Set down each entry as it stands. Skip the pictures.

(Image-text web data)
· · · · · · ·

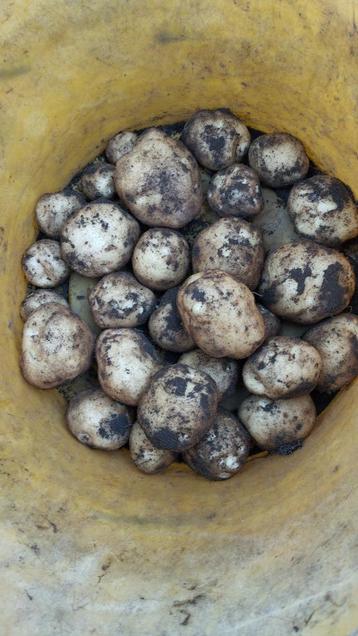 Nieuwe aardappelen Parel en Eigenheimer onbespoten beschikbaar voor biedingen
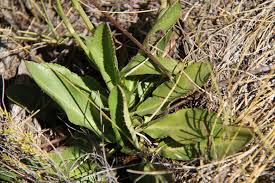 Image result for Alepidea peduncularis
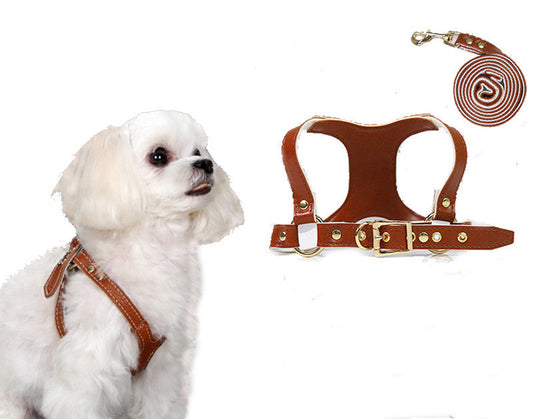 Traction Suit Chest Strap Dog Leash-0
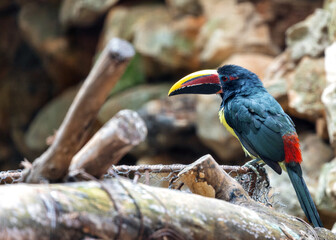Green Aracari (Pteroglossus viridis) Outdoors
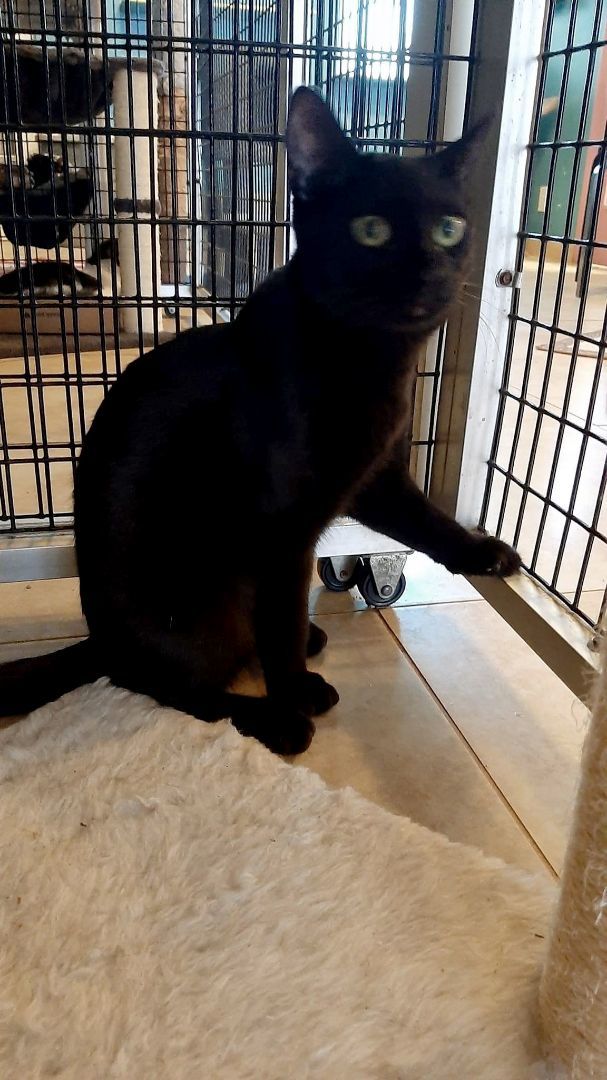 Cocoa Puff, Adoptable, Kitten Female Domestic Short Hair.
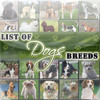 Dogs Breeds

· · · · · · ·

▸ TASK ANSWER
 Nieuwe aardappelen Parel en Eigenheimer onbespoten beschikbaar voor biedingen
 Image result for Alepidea peduncularis
 Traction Suit Chest Strap Dog Leash-0
Green Aracari (Pteroglossus viridis) Outdoors
 Cocoa Puff, Adoptable, Kitten Female Domestic Short Hair.
 Dogs Breeds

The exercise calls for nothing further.